This morning a girl at work told me she envied my ability to encounter men physically without any attachments. I told her it wasn’t a skill, it was a problem. I wish I could say this was new, but as far back as I can remember the connection between physical intimacy and emotional never truly stuck with me.
I remember once when I was 16 I was sitting with a man on his couch during our first encounter, the whole time he was talking about how well he treated his girlfriends I was wishing he would just stop talking and bring me upstairs. He eventually did.

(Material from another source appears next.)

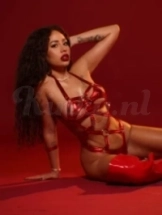 sofia-prive-ontvangst-via-kinky-69206f4f665fb20013637a2b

A male friend of mine recently starting carrying on longer conversations between our meetings, it gave me anxiety. I blocked another man several months ago that had made a joke about being my boyfriend. I had wished him a safe drive home, while putting my clothes on.
I dissected this “skill” with my sister over the phone and deduced that I may be someone who truly wishes to be alone. Not alone in solitude like a monk, but someone who enjoys themsleves enough to be happy in their own head.
I spent eighteen years with someone who mostly left me alone, and I wonder if that’s how it lasted as long as it did. I’m sure plenty of people have pitied the amount of time I spend alone when I don’t have my children. But alone is where I’ve found myself, moved my direction, and grown.
I’ve spent time in my own head on this topic. It’s not fully worked out yet. But one thing I do know is this, I have an innate ability to depend on myself, at least for most things. And for others, I suppose I’ve learned a “skill”.